In this way, we believe the strength of our group is that we are able to conduct research and development activities that cover a wide range of areas, from upstream design as our specialty areas to operation as collaboration areas, in order to realize a certain system or service.
Research and development in data analysis techniques based on machine learning, especially in image processing, has already resulted in the existence of numerous public data sets. Also, the competitions using these public datasets are regularly held, and the world's leading research institutions and universities and other public research institutions including big tech companies called "GAFAM," are competing in the world. However, it is not necessarily the case that the world's No. 1 AI-related technology obtained in this competition will directly lead to good user experiences for our customers. Because, while these AI-related technologies can perform very well in certain limited conditions, they generally have low generalization performance and are not practical to use. In other words, in many cases it strongly depends on the public dataset and high computational cost is significant in real use cases. Therefore, researchers and developers have to extract the "essence" of the AI-related technologies and repeatedly "kaizen" (optimize) to fit our customer’s use cases.
We believe that the moment when the knowledge and know-how gained through this very unique and steady process is reflected in actual systems and services, and leads to good user experiences " satisfactory, comfortable, and enjoyable" for our customers, is our moment of fulfillment (the real thrill/exciting) and our motivation to continue research and development.

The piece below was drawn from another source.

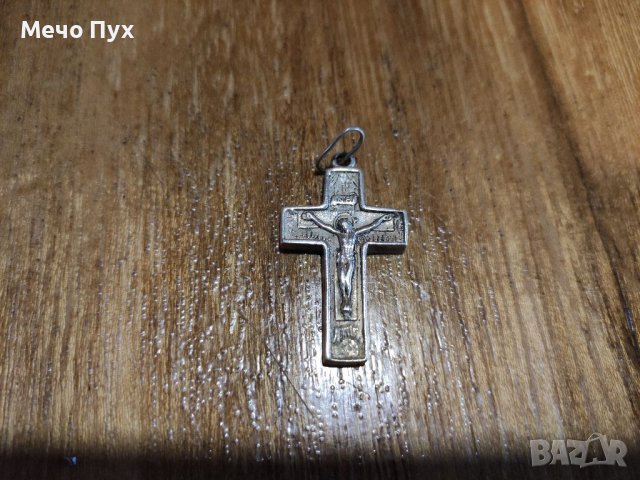 Сребърен кръст , снимка 4 - Колиета, медальони, синджири - 39180146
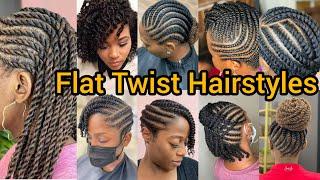 2024 Flat Twist Hairstyle for Black Hair  Stylist Short Twist Braids for Black Women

■Cool Career Opportunities/Hiring
The business domain of data analysis using machine learning and image recognition is one of our focus areas. Along with the improvement of ICT and cloud technologies and in-vehicle cameras, our scope of application is expanding from vehicles and vehicles to urban development and mobility services.
Our group is looking for new staffs who can enhance their expertise in a particular technical area (AI-related technology) while also expand (or try to expand) coverage and collaboration area based on that technical area.
For example, one of the projects in which our group is involved is the advanced development of a crew-less system (i.e. automatic door opening/closing, departure judgment) for an automated shuttle bus which is called e-Palette with MaaS (Mobility as a Service). The elemental technologies for realizing this system include human detection from images, posture estimation, and abnormal behavior detection. A number of promising methods have already been proposed in the research field of computer vision for these elemental technologies. However, simply combining these elemental technologies is not enough to make a system. In other words, a mechanism is needed to dynamically allocate the functions of these elemental technologies, sometimes on the cloud side, sometimes on the edge side, depending on the situation of the vehicle (i.e. driving, getting in and out, stopping).
With customers value, our mission is to maximize user experiences of our customers by building our "optimal architecture" hat incorporate the essence of these technologies and the needs of our customers, while keeping abreast of the latest research on elemental technologies.